* What is expected:
With pictures left out, set down every record word for word.

* Data to use:
________

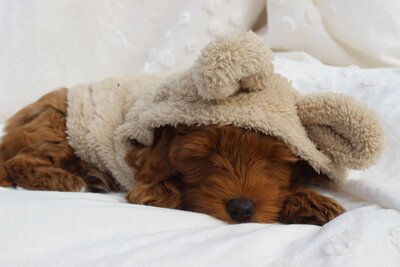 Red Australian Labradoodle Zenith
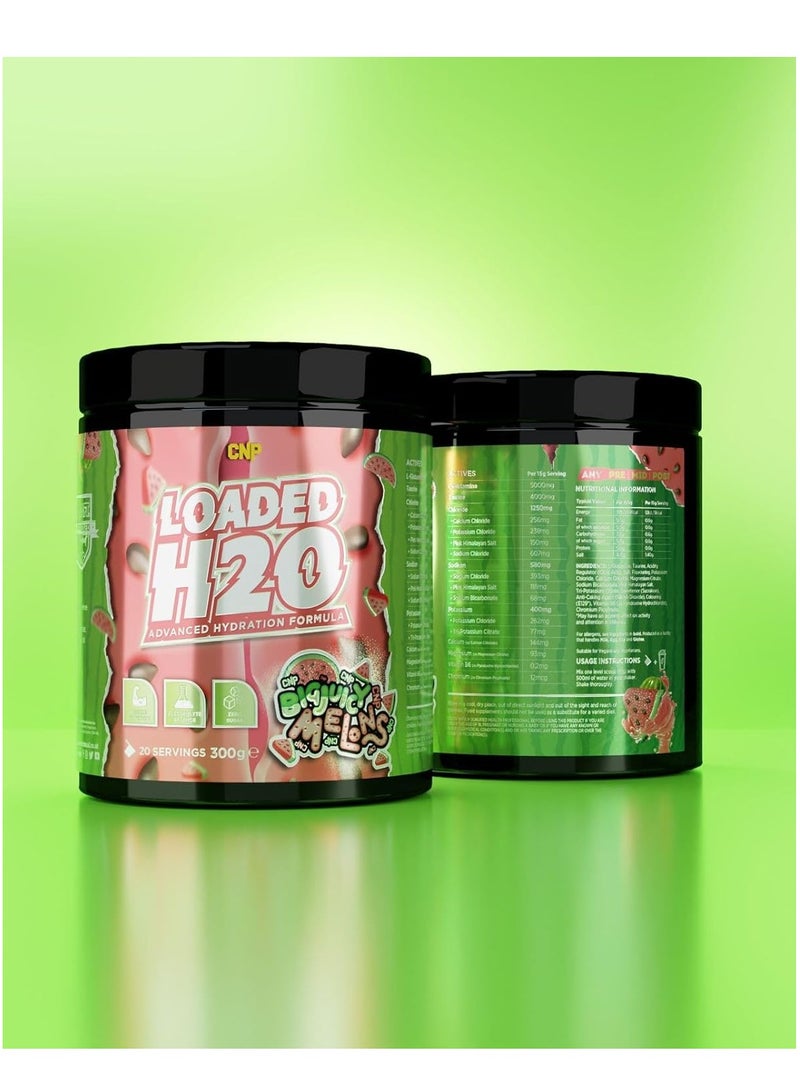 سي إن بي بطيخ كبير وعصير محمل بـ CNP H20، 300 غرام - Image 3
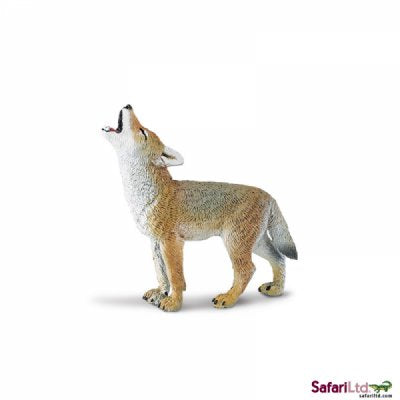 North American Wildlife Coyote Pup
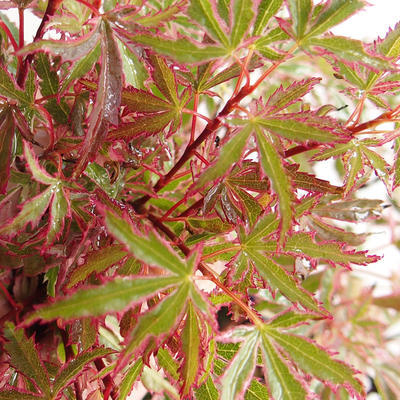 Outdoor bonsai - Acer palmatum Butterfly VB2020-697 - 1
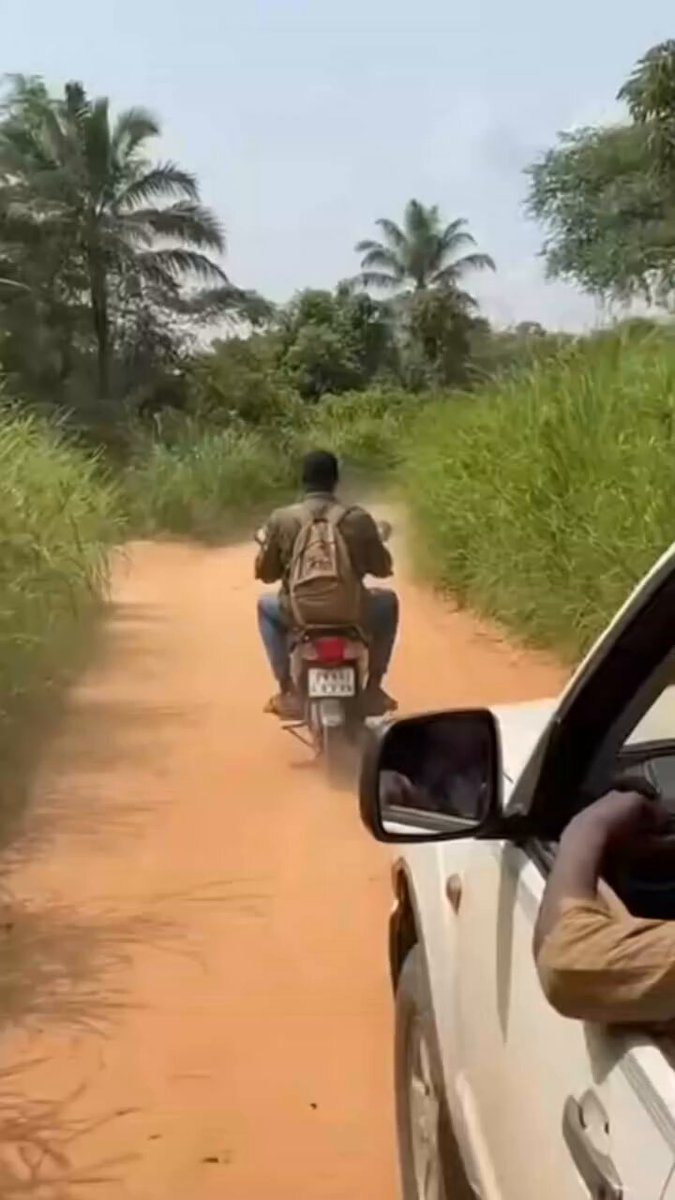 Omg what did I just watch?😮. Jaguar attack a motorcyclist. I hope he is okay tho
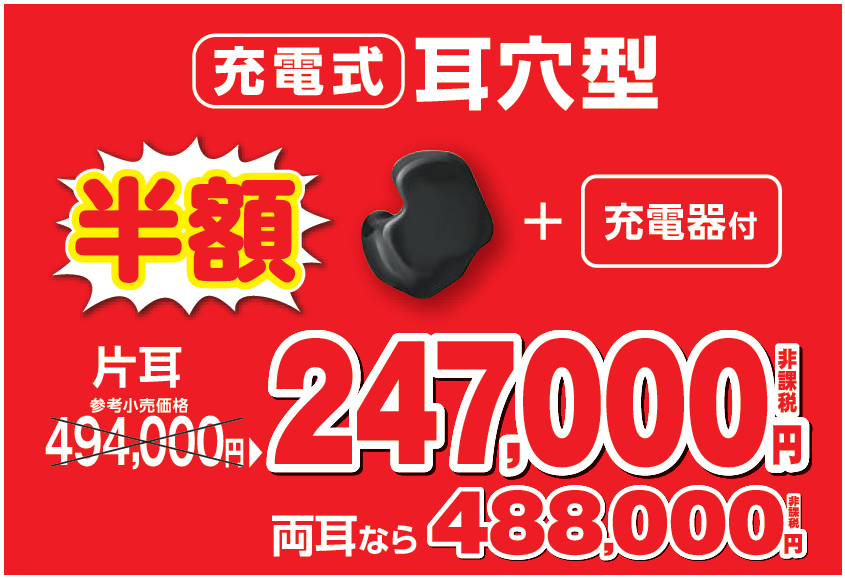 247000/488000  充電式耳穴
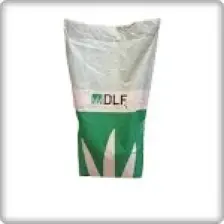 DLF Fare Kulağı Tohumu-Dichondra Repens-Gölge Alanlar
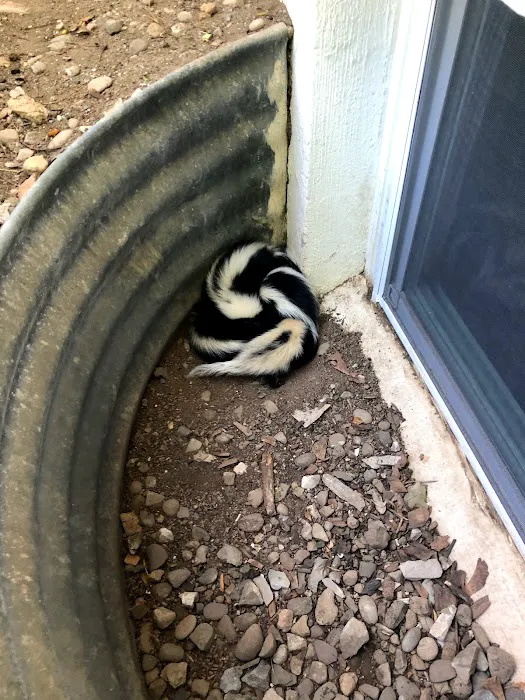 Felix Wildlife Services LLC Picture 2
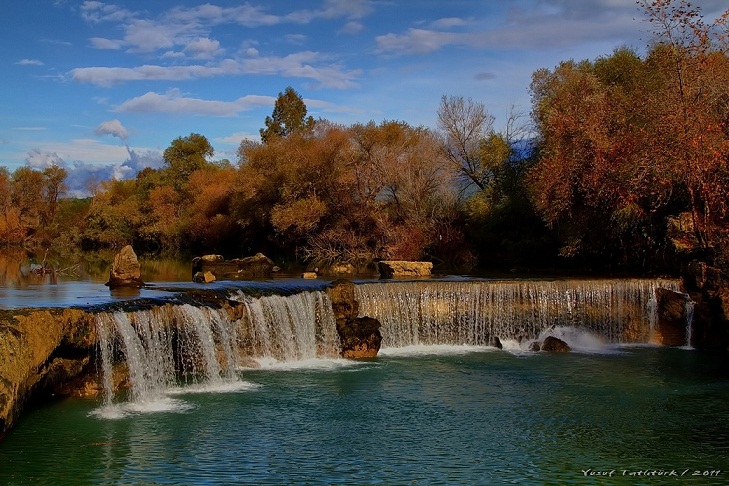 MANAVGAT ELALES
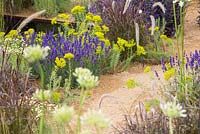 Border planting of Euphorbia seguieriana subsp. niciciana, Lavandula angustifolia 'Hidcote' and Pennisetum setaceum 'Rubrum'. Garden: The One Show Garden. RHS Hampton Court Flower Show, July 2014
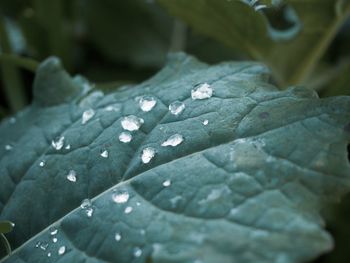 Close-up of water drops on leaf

________

* Answer to this task:
 Red Australian Labradoodle Zenith
 سي إن بي بطيخ كبير وعصير محمل بـ CNP H20، 300 غرام - Image 3
 North American Wildlife Coyote Pup
 Outdoor bonsai - Acer palmatum Butterfly VB2020-697 - 1
 Omg what did I just watch?😮. Jaguar attack a motorcyclist. I hope he is okay tho
 247000/488000  充電式耳穴
 DLF Fare Kulağı Tohumu-Dichondra Repens-Gölge Alanlar
 Felix Wildlife Services LLC Picture 2
 MANAVGAT ELALES
 Border planting of Euphorbia seguieriana subsp. niciciana, Lavandula angustifolia 'Hidcote' and Pennisetum setaceum 'Rubrum'. Garden: The One Show Garden. RHS Hampton Court Flower Show, July 2014
 Close-up of water drops on leaf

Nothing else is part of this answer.